Work task → What you return should be the lines of the data containing "Radiopaedia", each in full.

Dataset items:
§

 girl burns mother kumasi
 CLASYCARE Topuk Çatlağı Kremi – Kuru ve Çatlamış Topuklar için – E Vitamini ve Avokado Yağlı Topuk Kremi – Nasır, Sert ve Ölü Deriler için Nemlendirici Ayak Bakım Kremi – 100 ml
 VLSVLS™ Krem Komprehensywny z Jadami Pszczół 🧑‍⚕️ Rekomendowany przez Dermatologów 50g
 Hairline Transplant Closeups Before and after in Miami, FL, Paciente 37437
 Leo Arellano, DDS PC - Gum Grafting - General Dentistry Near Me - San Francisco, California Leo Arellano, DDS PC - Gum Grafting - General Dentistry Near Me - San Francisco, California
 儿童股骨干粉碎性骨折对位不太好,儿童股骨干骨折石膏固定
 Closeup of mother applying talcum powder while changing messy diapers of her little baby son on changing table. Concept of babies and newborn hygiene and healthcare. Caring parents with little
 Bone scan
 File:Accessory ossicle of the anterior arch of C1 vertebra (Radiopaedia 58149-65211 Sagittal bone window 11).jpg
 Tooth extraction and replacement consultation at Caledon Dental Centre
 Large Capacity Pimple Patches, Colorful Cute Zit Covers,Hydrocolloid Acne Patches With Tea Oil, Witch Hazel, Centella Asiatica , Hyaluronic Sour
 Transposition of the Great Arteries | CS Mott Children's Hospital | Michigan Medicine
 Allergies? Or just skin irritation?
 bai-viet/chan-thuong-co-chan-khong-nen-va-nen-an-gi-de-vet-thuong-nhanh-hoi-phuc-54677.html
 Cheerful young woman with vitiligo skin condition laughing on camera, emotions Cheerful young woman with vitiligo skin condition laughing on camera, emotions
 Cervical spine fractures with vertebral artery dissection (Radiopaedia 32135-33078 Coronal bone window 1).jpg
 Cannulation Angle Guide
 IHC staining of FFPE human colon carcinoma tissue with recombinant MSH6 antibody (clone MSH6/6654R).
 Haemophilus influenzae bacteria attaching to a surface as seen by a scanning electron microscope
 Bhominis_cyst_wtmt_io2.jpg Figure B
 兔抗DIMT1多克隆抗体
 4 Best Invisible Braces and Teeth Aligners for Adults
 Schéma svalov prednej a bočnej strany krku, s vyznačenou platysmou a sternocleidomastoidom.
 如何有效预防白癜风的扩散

§

Written response →
 File:Accessory ossicle of the anterior arch of C1 vertebra (Radiopaedia 58149-65211 Sagittal bone window 11).jpg
 Cervical spine fractures with vertebral artery dissection (Radiopaedia 32135-33078 Coronal bone window 1).jpg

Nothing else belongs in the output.